I'd like an exact copy of every line from the start of the entries below through the line containing "Recréation des chutes", please.

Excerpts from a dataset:
_ _ _

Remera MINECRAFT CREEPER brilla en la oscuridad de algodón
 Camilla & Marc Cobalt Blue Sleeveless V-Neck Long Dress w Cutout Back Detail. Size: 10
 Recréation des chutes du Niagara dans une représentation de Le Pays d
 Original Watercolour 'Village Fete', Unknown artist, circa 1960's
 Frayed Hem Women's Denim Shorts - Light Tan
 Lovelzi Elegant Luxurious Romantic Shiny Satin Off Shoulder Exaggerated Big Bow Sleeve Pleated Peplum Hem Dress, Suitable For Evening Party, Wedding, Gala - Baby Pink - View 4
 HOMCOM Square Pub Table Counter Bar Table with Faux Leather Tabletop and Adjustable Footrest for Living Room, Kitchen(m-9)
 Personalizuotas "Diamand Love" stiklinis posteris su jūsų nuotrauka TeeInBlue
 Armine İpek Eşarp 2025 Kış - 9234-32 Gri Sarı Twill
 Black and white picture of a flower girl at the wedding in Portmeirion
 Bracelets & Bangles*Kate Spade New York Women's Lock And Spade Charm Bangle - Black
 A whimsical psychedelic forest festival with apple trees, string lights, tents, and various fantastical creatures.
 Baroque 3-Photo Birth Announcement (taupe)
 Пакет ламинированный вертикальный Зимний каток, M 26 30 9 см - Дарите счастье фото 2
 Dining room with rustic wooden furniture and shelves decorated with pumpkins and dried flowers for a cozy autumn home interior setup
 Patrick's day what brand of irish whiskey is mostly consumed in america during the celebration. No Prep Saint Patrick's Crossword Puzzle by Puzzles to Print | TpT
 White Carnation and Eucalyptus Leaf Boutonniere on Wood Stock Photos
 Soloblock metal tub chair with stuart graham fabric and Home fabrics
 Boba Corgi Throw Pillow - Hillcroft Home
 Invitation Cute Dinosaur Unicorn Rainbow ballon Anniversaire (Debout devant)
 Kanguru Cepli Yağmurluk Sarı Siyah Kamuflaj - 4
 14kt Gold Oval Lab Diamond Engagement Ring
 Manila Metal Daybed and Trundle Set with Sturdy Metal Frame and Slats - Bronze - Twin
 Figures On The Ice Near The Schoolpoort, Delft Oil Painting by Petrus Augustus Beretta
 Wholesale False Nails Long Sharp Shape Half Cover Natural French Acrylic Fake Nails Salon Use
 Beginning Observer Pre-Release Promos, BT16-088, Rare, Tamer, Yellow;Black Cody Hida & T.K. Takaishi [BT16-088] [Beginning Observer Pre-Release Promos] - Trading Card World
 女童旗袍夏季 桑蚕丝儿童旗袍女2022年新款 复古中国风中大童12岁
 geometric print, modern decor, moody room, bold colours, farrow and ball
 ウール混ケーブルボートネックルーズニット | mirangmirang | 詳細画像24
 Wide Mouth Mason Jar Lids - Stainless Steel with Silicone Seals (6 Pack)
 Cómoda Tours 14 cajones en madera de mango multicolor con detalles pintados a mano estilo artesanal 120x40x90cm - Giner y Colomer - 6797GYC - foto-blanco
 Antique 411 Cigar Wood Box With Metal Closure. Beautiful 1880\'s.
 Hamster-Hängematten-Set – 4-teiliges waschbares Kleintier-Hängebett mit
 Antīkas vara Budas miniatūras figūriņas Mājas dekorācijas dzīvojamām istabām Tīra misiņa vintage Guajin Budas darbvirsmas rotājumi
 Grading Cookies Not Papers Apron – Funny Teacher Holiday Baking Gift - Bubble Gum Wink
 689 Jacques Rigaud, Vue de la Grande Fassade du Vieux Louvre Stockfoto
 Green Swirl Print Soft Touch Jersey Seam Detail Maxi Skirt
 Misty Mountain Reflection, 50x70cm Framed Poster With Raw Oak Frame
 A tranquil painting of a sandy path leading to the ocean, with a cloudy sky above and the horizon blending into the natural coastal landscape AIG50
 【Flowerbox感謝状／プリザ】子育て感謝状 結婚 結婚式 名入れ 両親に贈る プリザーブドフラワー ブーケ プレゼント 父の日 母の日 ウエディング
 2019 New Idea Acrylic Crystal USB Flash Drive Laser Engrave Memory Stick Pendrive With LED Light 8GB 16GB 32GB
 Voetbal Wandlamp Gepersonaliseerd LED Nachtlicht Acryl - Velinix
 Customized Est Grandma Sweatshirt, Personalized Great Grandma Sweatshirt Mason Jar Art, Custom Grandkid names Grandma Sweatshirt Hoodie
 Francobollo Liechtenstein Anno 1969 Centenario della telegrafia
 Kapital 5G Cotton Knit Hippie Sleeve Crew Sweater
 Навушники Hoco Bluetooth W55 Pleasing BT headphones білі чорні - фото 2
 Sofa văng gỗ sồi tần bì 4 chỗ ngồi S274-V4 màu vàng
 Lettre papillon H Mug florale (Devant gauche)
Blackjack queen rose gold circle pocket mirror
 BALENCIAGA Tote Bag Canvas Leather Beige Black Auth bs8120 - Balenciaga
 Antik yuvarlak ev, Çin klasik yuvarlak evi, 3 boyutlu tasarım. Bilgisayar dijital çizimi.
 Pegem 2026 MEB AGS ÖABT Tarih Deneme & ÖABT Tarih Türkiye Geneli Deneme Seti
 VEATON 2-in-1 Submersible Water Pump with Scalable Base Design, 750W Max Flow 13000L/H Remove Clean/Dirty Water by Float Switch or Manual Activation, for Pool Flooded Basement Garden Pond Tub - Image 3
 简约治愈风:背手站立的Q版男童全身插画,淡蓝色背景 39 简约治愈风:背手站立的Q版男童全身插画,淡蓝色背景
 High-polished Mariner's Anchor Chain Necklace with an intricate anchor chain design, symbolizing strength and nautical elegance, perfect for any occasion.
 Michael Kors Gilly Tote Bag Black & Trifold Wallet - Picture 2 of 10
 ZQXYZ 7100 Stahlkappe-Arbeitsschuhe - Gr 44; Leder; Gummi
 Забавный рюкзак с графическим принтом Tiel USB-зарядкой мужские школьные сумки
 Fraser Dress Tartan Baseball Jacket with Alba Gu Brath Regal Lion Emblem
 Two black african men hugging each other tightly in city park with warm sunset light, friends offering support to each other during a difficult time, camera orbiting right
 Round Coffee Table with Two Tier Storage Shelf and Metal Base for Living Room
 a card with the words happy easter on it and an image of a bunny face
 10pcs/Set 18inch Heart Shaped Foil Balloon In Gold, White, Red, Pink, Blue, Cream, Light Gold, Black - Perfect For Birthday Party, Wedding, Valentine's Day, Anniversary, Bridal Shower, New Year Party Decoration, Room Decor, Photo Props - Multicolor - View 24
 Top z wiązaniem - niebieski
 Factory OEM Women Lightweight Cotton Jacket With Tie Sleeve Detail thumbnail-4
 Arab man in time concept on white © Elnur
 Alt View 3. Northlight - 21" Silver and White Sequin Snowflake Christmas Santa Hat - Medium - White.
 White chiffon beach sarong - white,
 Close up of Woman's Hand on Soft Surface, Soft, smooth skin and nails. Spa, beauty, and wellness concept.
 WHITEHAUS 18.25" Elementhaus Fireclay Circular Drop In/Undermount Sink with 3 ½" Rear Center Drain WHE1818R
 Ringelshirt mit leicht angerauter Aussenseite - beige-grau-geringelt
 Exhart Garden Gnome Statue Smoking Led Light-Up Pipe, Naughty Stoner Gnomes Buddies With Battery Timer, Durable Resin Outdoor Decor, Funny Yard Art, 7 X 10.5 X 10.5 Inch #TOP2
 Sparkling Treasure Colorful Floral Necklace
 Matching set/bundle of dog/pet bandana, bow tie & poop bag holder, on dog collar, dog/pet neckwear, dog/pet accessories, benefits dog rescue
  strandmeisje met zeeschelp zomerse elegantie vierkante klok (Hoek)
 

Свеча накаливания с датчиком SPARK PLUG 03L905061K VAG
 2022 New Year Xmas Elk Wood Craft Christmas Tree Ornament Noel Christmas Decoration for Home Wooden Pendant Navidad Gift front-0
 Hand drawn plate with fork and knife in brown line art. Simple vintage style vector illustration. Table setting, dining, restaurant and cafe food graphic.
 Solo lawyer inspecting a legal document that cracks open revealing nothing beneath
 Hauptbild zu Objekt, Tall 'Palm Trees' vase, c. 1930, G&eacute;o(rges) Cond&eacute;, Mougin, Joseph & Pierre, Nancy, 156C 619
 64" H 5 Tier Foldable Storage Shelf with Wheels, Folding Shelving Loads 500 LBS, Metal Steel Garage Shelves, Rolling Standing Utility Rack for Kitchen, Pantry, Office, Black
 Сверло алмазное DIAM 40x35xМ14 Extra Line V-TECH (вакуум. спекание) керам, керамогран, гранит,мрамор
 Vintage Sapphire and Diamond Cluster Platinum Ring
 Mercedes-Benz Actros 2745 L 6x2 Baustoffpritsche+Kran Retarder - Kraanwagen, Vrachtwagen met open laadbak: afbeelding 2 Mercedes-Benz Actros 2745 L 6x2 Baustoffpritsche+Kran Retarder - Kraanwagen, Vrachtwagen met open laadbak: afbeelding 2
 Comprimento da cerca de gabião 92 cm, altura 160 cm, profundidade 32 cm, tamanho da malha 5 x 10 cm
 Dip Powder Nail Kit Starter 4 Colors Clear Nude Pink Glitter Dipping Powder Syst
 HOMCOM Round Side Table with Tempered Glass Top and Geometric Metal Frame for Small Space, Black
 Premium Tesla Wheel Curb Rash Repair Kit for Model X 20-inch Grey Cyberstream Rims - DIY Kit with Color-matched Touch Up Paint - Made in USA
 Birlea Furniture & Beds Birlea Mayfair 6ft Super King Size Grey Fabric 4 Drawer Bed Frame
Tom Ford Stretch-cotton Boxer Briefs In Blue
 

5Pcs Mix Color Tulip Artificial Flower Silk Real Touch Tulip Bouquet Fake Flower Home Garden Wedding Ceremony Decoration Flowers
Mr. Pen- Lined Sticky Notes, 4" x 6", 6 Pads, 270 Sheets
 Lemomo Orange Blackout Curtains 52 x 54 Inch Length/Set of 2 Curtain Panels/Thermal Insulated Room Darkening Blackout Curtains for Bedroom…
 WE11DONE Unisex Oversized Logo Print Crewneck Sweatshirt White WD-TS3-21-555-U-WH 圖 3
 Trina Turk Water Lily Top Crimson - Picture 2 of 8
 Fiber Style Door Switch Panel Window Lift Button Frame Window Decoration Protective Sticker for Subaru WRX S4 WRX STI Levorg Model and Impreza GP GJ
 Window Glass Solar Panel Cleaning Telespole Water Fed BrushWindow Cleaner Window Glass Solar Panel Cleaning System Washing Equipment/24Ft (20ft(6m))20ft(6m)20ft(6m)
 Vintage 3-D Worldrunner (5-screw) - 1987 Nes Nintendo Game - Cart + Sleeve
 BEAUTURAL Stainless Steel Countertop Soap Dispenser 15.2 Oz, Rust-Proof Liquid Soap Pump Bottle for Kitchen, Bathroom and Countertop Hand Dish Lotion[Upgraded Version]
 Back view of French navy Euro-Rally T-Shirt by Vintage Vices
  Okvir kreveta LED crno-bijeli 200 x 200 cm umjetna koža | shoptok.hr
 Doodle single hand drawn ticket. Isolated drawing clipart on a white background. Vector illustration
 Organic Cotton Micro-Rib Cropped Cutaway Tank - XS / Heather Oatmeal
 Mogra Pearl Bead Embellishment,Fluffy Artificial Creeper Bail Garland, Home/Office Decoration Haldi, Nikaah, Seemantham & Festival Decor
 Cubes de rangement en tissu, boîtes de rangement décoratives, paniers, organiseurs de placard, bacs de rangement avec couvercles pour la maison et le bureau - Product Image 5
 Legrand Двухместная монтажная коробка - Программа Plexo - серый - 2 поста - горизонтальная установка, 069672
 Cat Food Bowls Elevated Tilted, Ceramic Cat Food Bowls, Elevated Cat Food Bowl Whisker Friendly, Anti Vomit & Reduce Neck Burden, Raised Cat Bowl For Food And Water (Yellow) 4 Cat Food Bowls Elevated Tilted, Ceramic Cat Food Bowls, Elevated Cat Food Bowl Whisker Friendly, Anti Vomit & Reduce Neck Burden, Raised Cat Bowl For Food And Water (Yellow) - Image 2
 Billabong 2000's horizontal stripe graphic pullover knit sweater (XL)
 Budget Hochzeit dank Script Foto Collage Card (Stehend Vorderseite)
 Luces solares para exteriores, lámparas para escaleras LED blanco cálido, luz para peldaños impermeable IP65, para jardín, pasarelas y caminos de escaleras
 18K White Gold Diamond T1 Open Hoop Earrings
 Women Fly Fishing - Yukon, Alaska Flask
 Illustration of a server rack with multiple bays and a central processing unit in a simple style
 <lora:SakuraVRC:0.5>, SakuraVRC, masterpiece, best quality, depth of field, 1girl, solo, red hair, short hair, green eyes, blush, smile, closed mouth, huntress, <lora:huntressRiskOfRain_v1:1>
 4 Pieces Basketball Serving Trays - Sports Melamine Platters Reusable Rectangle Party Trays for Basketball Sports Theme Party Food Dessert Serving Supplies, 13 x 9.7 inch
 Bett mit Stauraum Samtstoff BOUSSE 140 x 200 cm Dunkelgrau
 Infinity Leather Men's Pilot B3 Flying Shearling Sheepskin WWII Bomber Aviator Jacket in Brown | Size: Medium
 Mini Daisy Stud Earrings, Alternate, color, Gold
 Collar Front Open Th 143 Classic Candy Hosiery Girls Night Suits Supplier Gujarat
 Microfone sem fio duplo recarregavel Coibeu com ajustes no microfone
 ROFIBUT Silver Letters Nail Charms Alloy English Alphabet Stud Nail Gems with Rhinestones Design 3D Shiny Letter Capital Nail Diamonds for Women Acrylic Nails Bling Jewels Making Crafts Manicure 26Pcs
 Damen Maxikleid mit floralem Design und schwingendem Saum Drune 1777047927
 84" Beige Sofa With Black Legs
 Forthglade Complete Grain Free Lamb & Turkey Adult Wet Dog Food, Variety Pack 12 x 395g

_ _ _

_Response_.
Remera MINECRAFT CREEPER brilla en la oscuridad de algodón
 Camilla & Marc Cobalt Blue Sleeveless V-Neck Long Dress w Cutout Back Detail. Size: 10
 Recréation des chutes du Niagara dans une représentation de Le Pays d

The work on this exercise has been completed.